Is your company considering corporate charities? Be careful because some charities run afoul of arcane tax laws. Others are sloppily managed. Some overcompensate their executives. Still others care more about attracting celebrity spokespeople or big corporate donors than fighting for their chosen causes. Below are some examples of the various ‘shades of gray’ charities can fall under.
1. Children’s Wish Foundation International
By the numbers, Children’s Wish Foundation International isn’t as dodgy as some of the other organizations on this list though it did make the Americas Worst Charities List: It spends over 10 percent of its donations on direct cash assistance and provides its terminally ill clients with millions of dollars’ worth of donated items. However, it works with for-profit solicitors who keep the lion’s share of donations for themselves. Worse, these fundraisers—and their supervisors at the organization—knowingly trade on its semantic association with the famous, highly reputable Make-a-Wish Foundation of recent ‘Bat Kid’ fame in San Francisco. In reality, the two charities aren’t associated in any way. It’s unclear whether Make-a-Wish has legal standing to force a name change or limit the claims that Children’s Wish can make.
2. American Breast Cancer Foundation
Like Children’s Wish Foundation International, the familiar-sounding American Breast Cancer Foundation has no direct links with any of its more reputable peers. Until recently, it also had a dubious relationship with one of its key fundraisers. According to IRS filings, the charity’s founder paid nearly $20 million on a contract with her son’s telemarketing firm and failed to disclose the extent of the entanglement for years. After nearly a decade of tolerating the arrangement, the charity’s board finally forced her to resign.
3. Firefighters’ Charitable Foundation
Dishonest charities come in all flavors. Unfortunately, many unscrupulous foundations purport to raise funds for first responders like firefighters and police officers. The Firefighters’ Charitable Foundation (FCF) spends less than 10 cents of every dollar that it raises and takes the added step of using a broker to finalize new fundraising contracts. Said broker earns 4 percent on every donation. The relationship between the brokerage and the foundation’s leadership is unclear, but charitable-giving experts have noted that brokers are rarely necessary in the cozy fundraising world. As a rule, prospective donors should be wary of any organization that uses one.
4. International Union of Police Associations
While the International Union of Police Associations (IUPA)is technically a nonprofit, it’s structured as a subsidiary of the AFL-CIO and doesn’t accept tax-deductible contributions. As such, large donors who don’t properly report their outlays may find themselves on the receiving end of an IRS audit. Worse, the organization largely fails to meet its stated goal of providing scholarships and death benefits to surviving relatives of slain police officers. In the past decade, it paid less than .5 percent of all cash contributions to said relatives.

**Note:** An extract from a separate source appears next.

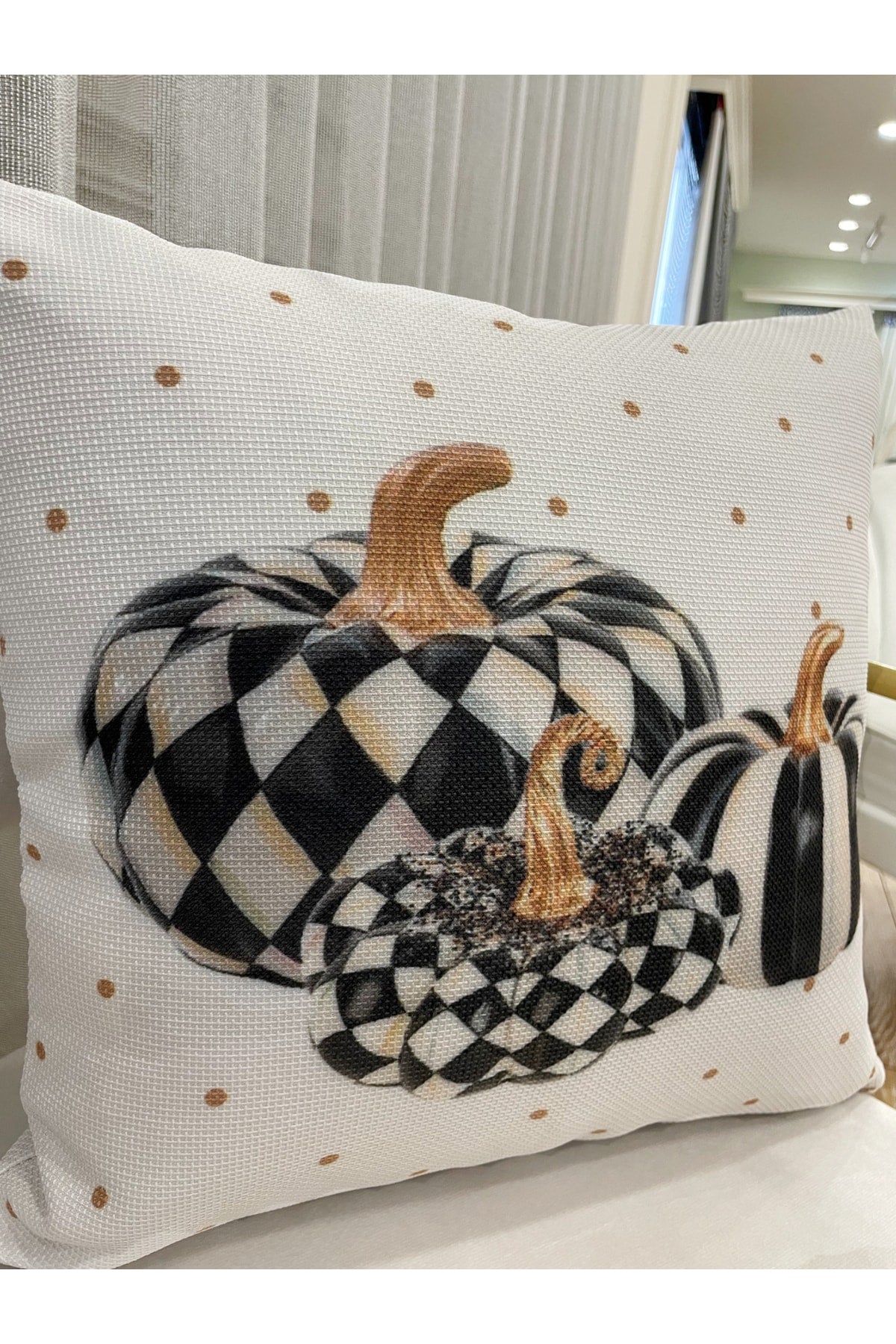 Balkabağı Desenli Keten Görünümlü Kırlent Yastık Kılıfı (EKRU-SİYAH) 45x45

Note that the FCF and IUPA aren’t the only public-worker “charities” that have come under scrutiny. A number of others, including the United States Deputy Sheriffs’ Association and the Association for Firefighters and Paramedics, also have extremely low direct aid ratios. That said, there are plenty of honest charities and unions that do an honorable job of protecting the country’s brave police officers, firefighters and first responders.
5. American Foundation for Disabled Children
For years, the American Foundation for Disabled Children (AFDC) has premised its fundraising efforts on its ability to send disabled children to summer camp. According to IRS filings, the charity has yet to send a single kid away for any length of time. Although it purports to make up for this shortcoming by donating millions of dollars in secondhand toys, it has yet to provide conclusive evidence that this actually occurs. Additionally, the AFDC recently settled a California trademark infringement lawsuit that alleged “unlawful use” of a rival charity’s name and brand.